If you live in Michigan or anywhere Michigan-like, you know the weather has just given up. We had the polar vortex and then five winters worth of snow and warming and then snowing and then raining, and more snowing, and now the world is covered with something that isn’t really snow or ice, but more like a white Slurpee with disgusting gray spots around the edges. Oh, and it comes in urine flavor too, which is in great supply in my backyard.
The climate is having a bit of an identity crisis, and it’s becoming a bit of a thing. Nobody has any idea what to do anymore. Should we be wearing winter boots or galoshes? Should they cancel school/the event/work/life, or do we just have to start sucking it up at some point? Does our mailman accept sympathy gifts or should we leave the poor guy alone?

It’s all very confusing, and today, as I’m sitting down to try and write a blog for the first time in more than (oh my gosh) three weeks, I’m all, “I get it, weather. ME TOO.” I haven’t written in a while because of a cluster of family/health/general life things that sort of knocked me out of normalcy, and now that I’m trying to get back into it, normalcy seems disorienting. What do I write about on this thing? Just my thoughts? Which thoughts? Why? Who’s idea was it to blog every day, anyway?

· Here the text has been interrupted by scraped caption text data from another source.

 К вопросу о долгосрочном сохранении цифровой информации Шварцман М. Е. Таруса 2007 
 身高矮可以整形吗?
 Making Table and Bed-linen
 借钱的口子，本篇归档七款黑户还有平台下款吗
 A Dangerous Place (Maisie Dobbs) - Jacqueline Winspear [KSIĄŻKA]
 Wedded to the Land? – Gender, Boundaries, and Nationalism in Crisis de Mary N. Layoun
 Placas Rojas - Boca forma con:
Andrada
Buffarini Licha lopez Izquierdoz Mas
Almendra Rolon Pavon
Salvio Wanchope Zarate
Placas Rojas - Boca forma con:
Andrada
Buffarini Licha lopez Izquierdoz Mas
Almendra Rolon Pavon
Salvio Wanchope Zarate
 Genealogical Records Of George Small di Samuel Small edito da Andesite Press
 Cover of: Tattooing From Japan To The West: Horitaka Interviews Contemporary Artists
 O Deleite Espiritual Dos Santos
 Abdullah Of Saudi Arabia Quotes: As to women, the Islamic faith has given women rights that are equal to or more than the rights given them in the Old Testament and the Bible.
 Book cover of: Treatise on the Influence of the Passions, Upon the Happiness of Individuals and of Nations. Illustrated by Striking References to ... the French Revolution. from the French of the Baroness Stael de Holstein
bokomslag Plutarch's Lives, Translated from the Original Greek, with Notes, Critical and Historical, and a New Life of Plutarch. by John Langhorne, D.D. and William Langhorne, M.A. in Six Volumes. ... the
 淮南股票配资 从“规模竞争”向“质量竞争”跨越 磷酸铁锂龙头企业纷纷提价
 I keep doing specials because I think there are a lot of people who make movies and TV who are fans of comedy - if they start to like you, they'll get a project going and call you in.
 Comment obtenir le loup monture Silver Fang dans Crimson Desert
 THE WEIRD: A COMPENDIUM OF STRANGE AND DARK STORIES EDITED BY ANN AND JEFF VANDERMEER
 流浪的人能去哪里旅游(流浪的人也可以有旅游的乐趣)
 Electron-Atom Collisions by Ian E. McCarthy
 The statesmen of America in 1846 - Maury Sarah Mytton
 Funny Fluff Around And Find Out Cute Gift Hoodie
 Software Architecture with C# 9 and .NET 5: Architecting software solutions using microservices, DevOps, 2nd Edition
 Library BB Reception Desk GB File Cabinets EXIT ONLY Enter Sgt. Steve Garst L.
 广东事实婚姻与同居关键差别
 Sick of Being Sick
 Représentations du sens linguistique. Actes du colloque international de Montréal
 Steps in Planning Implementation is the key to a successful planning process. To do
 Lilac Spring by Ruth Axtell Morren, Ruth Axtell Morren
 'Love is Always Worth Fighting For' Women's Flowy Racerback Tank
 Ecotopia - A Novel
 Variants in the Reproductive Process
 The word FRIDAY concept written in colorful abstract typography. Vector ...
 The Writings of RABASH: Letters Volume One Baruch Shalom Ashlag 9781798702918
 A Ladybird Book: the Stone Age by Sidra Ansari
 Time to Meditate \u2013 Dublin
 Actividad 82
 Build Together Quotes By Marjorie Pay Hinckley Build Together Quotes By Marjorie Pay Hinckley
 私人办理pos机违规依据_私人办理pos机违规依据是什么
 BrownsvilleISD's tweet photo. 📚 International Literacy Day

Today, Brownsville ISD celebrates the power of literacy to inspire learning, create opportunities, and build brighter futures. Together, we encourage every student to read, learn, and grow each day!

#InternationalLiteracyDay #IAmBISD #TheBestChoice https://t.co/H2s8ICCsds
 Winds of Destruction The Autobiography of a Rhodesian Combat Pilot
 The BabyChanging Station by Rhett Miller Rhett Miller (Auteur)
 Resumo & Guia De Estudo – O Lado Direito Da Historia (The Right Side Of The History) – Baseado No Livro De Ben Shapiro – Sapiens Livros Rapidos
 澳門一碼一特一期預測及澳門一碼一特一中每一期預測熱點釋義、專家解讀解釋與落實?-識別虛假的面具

I honestly don’t know the answers to any of those questions (except that last one; it was my husband’s idea), but I just decided to write anyway. Because my neighbor’s trees are doing the macarena, it sounds like a hurricane is happening, there’s two feet of Slurpee on the ground, but the sun is shining like it’s nobody’s business. For real. I just stuck my face outside for some much-needed vitamin D. So if the sun can seriously manage to shine right now, I can manage to fart out blog post. Despite the weather’s current identity crisis, we do know the sun in going to win. It might take a few weeks (sigh…or months), and the sun might not be winning every hour of every day, but it will keep at it, and it always wins out in the end. Normalcy will resume. Spring always comes.